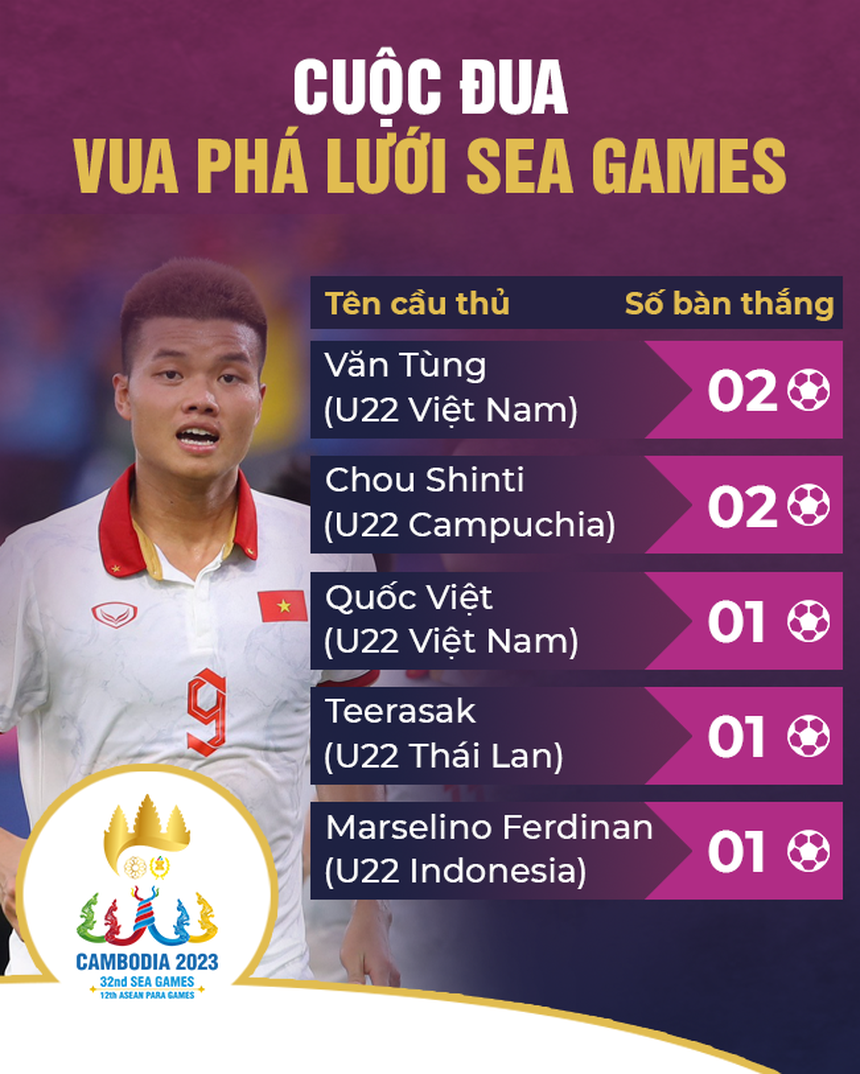 Dẫn đầu danh sách vua phá lưới, 'gà son' của HLV Troussier khiến CĐV Thái Lan lo lắng - Ảnh 2. Dẫn đầu danh sách vua phá lưới, 'gà son' của HLV Troussier khiến CĐV Thái Lan lo lắng - Ảnh 2.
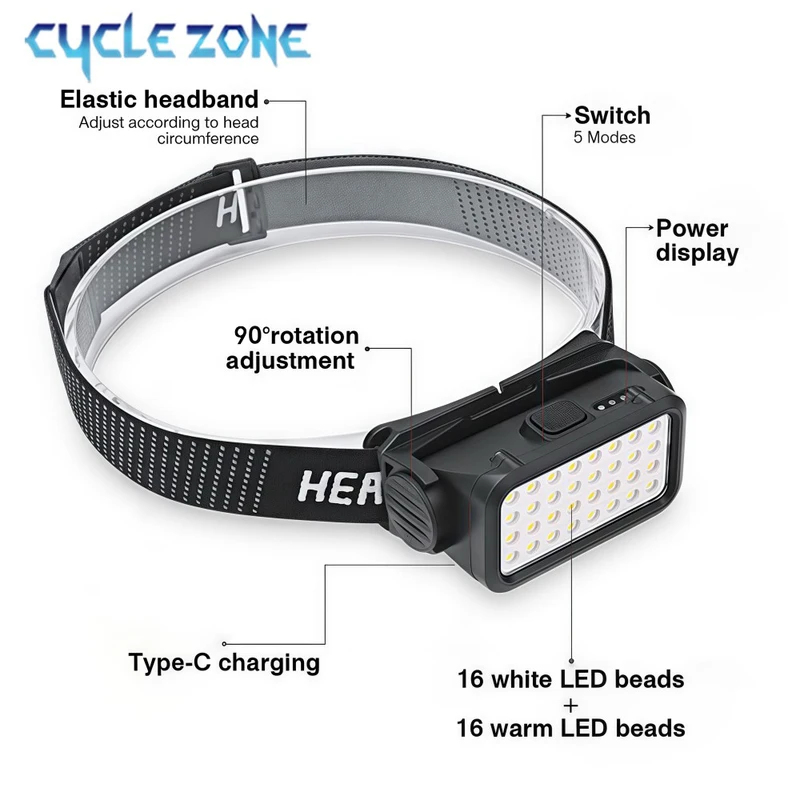 Rechargeable Headlamp with 32  - Outdoor Hunting Supplies Inc recensie en prijs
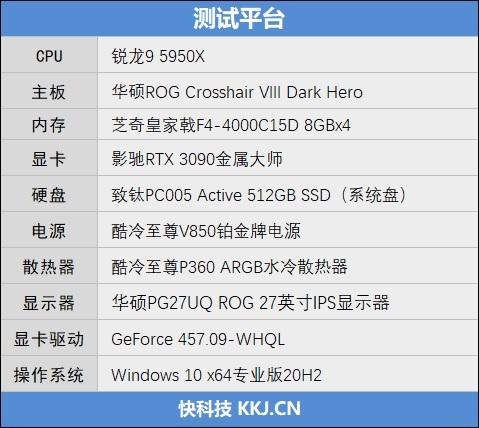 锐龙9 5950X烤机全核频率最高！ROG CROSSHAIR VIII DARK HERO评测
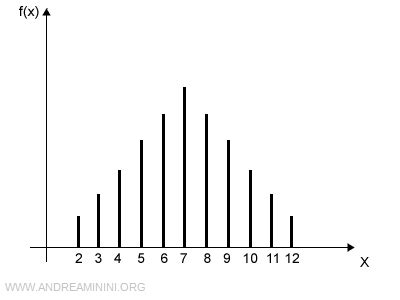 Image result for Random Variable Formula Stats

Your objective: Once more, give the listing above exactly, leaving each picture out.

Output for this task:
 Dẫn đầu danh sách vua phá lưới, 'gà son' của HLV Troussier khiến CĐV Thái Lan lo lắng - Ảnh 2. Dẫn đầu danh sách vua phá lưới, 'gà son' của HLV Troussier khiến CĐV Thái Lan lo lắng - Ảnh 2.
 Rechargeable Headlamp with 32  - Outdoor Hunting Supplies Inc recensie en prijs
 锐龙9 5950X烤机全核频率最高！ROG CROSSHAIR VIII DARK HERO评测
 Image result for Random Variable Formula Stats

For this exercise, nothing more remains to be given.